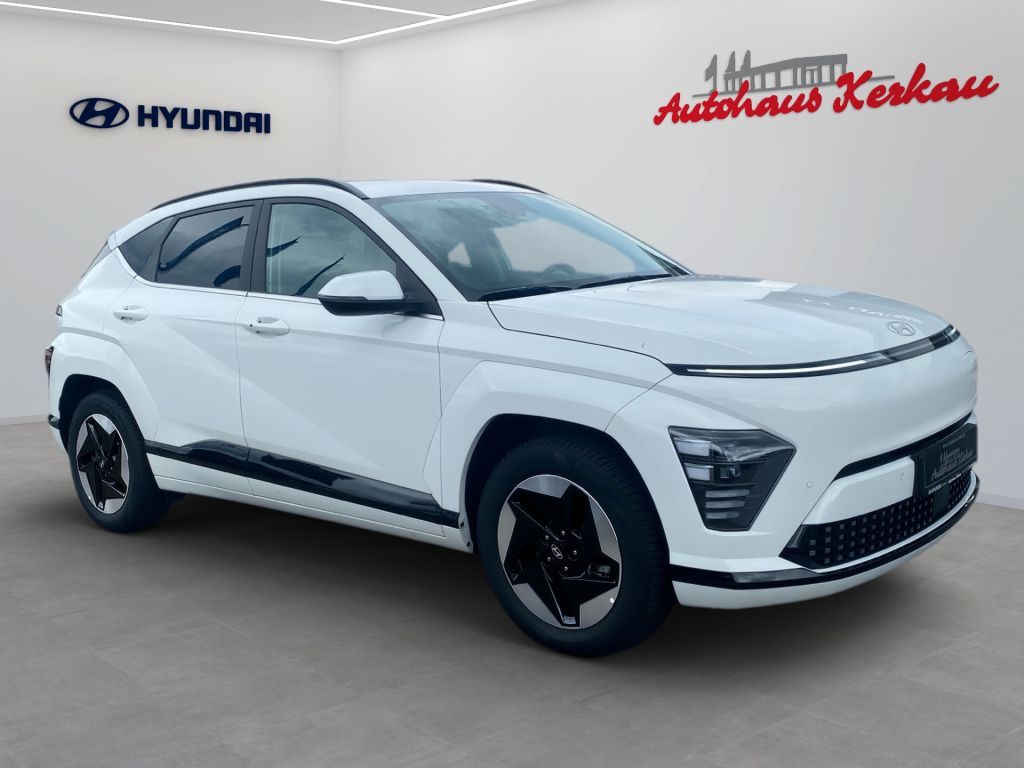 Fahrzeugabbildung Hyundai KONA EV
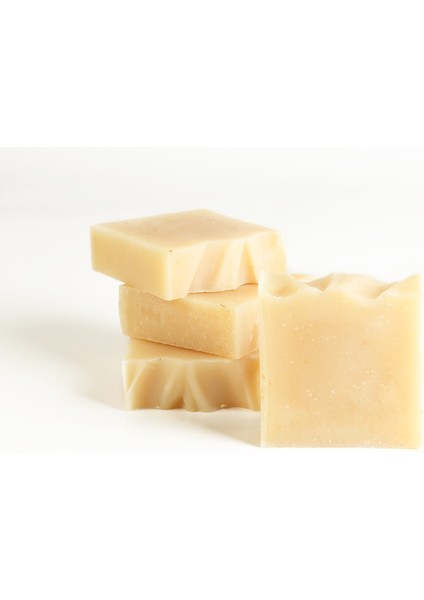 Organik El Yapımı Keçisütü Sabunu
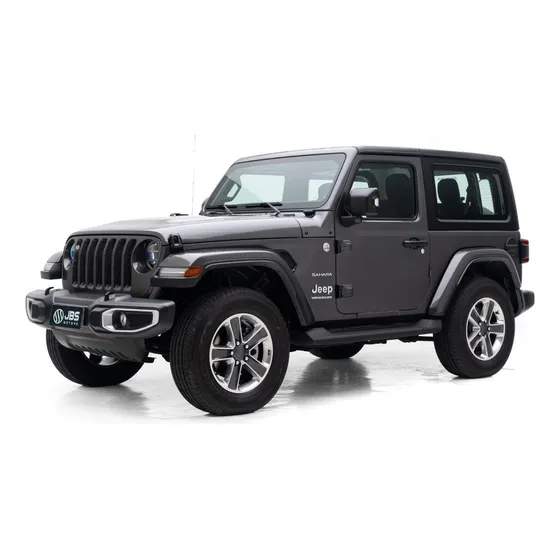 Jeep Wrangler Sahara 2.0 4x4 271cv 2p Aut.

####################

*ABOUT THIS EXERCISE*: When you reach the line containing "Organik El Yapımı Keçisütü Sabunu" in the listing above, reproduce it and every line after it through the last, exactly; omit the pictures.

*EXERCISE RESPONSE*:
 Organik El Yapımı Keçisütü Sabunu
 Jeep Wrangler Sahara 2.0 4x4 271cv 2p Aut.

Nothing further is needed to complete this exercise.